2 containers get spun up - ideally as 2 separate pods (rather than 2 containers in a pod)

  • Pod A: Lightweight, Linux desktop environment with limited tools and a modern browser, wrapped in Guacamole.
  • Pod B: The usual single user server with a choice of interfaces running on customisable compute, etc.
  • Pod A and Pod B can potentially be scheduled to run on different node pools with different resources, etc.

Pod B is only accessible from Pod A - enforced through network policy ?Calico.

Persistent storage is disabled on Pod A so that even if the user downloads data from JupyterLab served via Pod B - this ends up in Pod A which is entirely ephemeral and is lost when the user has to shutdown the server to access a different workspace. Pod A (Guacamole) prevents removal of data from the desktop environment.

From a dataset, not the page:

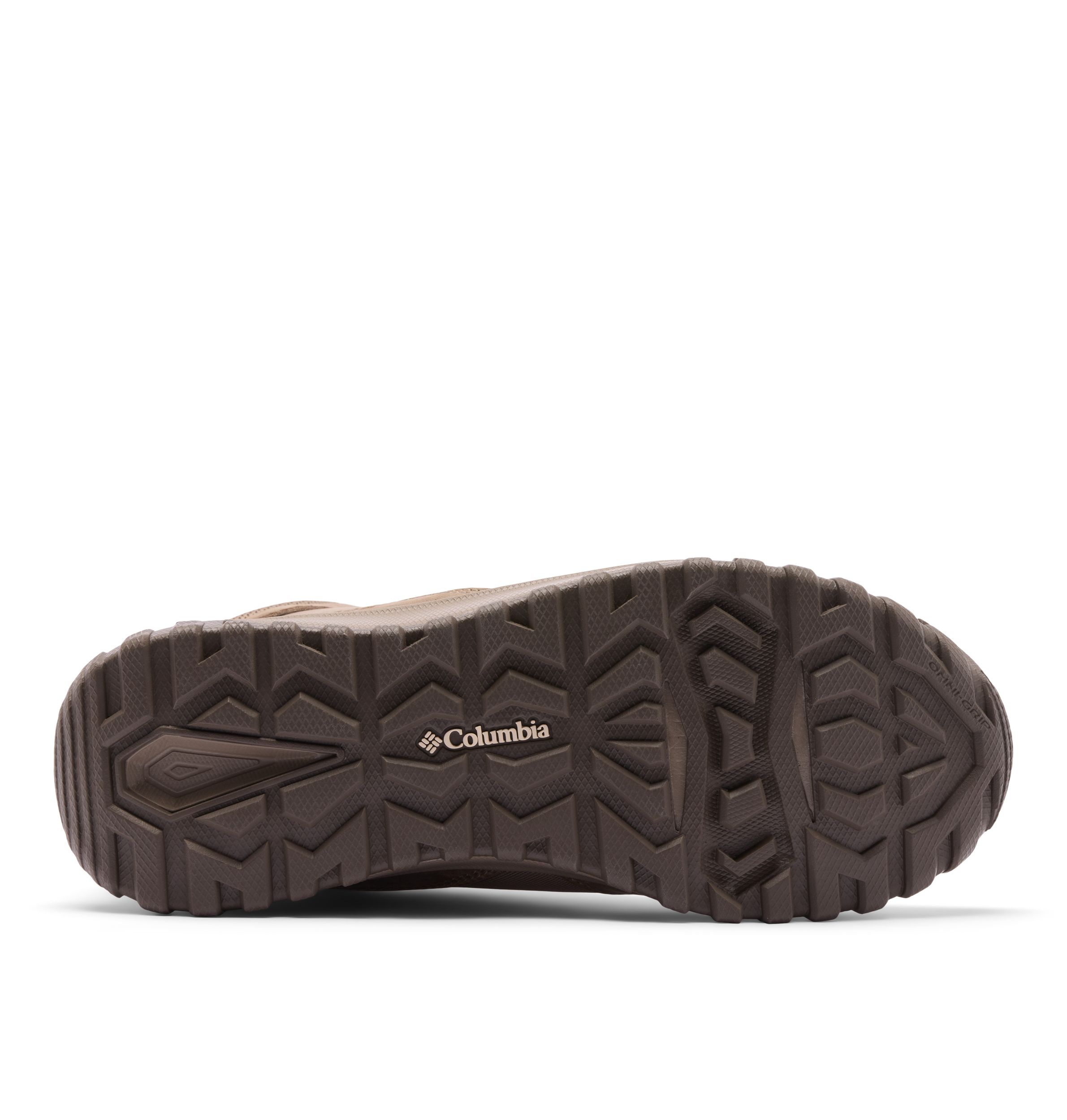 Columbia Men's Burnsider Omni-heat™ Infinity Winter Boots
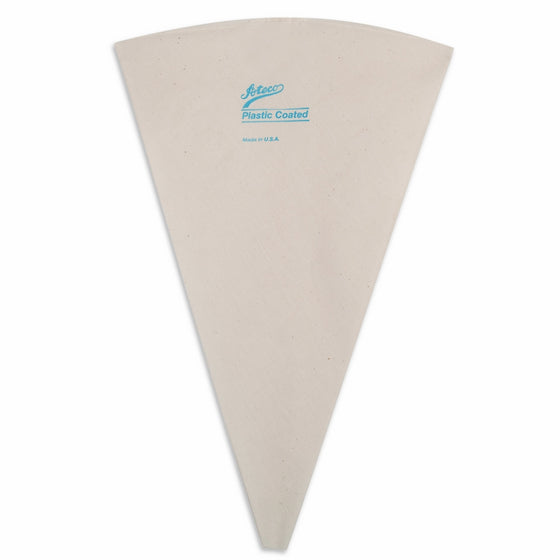 Ateco Plastic Coated Pastry Bag 16 Inch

Pod B gets its persistence storage through PV/PVC, in our case Azure File storage.

This prevents moving data from one workspace to another. Let’s discuss when we talk on Wednesday.

Let’s drag one more person to the party :slight_smile:

@yuvipanda - I have been looking at this → [Request for Implementations] Disabling downloads from a JupyterHub in the context of this → Secure data environment for NHS health and social care data - policy guidelines - GOV.UK.

Will be great to get your thoughts. NHS England has budgeted £100m for Secure Data Environments and seeing that a major chunk of data science happens within the Jupyter universe, will be good to discover what is possible and what has already been done. I love z2jh and will be great to see what others are doing in this space.